The Bulldogs came out flying in the second period and dominated the second period. Mansfield was able to kill off a cross-checking penalty but Canton was able to cash in a minute later. Junior Ryan Nolte connected a pass to sophomore Johnny Hagan, who lifted his backhand attempt top shelf to give the Dogs a 1-0 lead.
“I thought that first period, that was probably the most we have been outplayed in a period all year long,” Shuman said. “Mansfield has a good team, they play hard, they work hard, they have a great system and they are very, very well coached. I think the breakout for us was everything in the first period. I think the breakout sets the tone for so much of our offense and the flow of the game, and we could not break the puck out of the zone, we struggled in all facets of the breakout. Give credit to Mansfield, they made it hard for us.
“The second period was much better, I think a lot came from our breakout. I thought our line of Ryan Colby, Charlie O’Connor and Kevin Smith really gave us some life in that second period. They went out and had a really good shift and created some chances. Those guys are kind of a hybrid third/fourth line and I thought they played great.”
Canton had two more power play chances, including a brief 5-on-3 chance with just over three minutes to go, but the Dogs couldn’t add to their lead.
Mansfield’s best chance came when the Hornets killed off their third penalty. Senior Adam Anastos came out of the box, took a feed from Cullin Anastaia as he entered the zone, and then center a pass back to Anastasia but his tip effort sailed just wide of the post.
“I’m not sure what exactly happened in the second period, we had such a great first period, we came out with energy,” said Mansfield head coach Mike Balzarini. “Their first few shifts kind of set the tone, then we settled down and stuck to the gameplan. I can’t remember a time since I started here that we only had one shot on net in the period. But we had to kill three penalties in that second period, we played shorthanded for six minutes. That sort of gave us some life toward the end of the period and we had that late chance.
“I thought we had a better third period but Canton is a good team, they play every single shift and they play 200 feet.”
Canton senior Jack Goyetch nearly doubled the Bulldogs’ lead two minutes into the final period when he redirected a shot from Jack Connelly but Mansfield sophomore Sean McCafferty made a terrific glove save.
But the Bulldogs continued to put pressure as Goyetch and Mike Dadasis linked up before finding Bubba McNeice in front for a one-timer to make it 2-0. Canton cashed in on its fourth power play attempt with 9:20 left in the game.
Mansfield won the faceoff clean straight back, but McNeice was first to the loose puck and fired a centering pass to Goyetch for a tap-in.
The Hornets struck back just 17 seconds after Canton’s third goal.

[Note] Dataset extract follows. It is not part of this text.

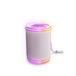 Altavoz Bluetooth Portátil Rosa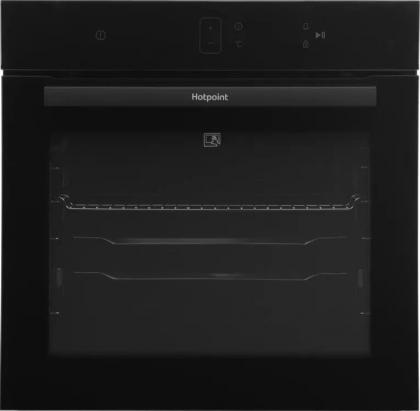 Духовой шкаф Hotpoint-Ariston FE8 1352 SP BLG фото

Fresh out of a timeout, Mansfield had a strong attacking zone possession before sophomore Joseph Troiano stepped into a loose puck and fired one into the back of the net.
“I have nothing but respect for Brian and what he’s done with Canton,” Balzarini said. Both Balzarini (’93) and Shuman (’98) graduated from Catholic Memorial. “It’s bittersweet for him to get the 200th win against us, but him being a CM guy, I like Brian a lot, he’s a really good coach and he deserves it.”
Canton boys hockey (7-0-0 Hockomock, 10-1-4 overall) is back in action on Wednesday when it hosts Franklin in a clash of Davenport and Kelley-Rex division champions. Mansfield (5-2-2, 7-5-4) will try to bounce back in a week when it travels to Brockton.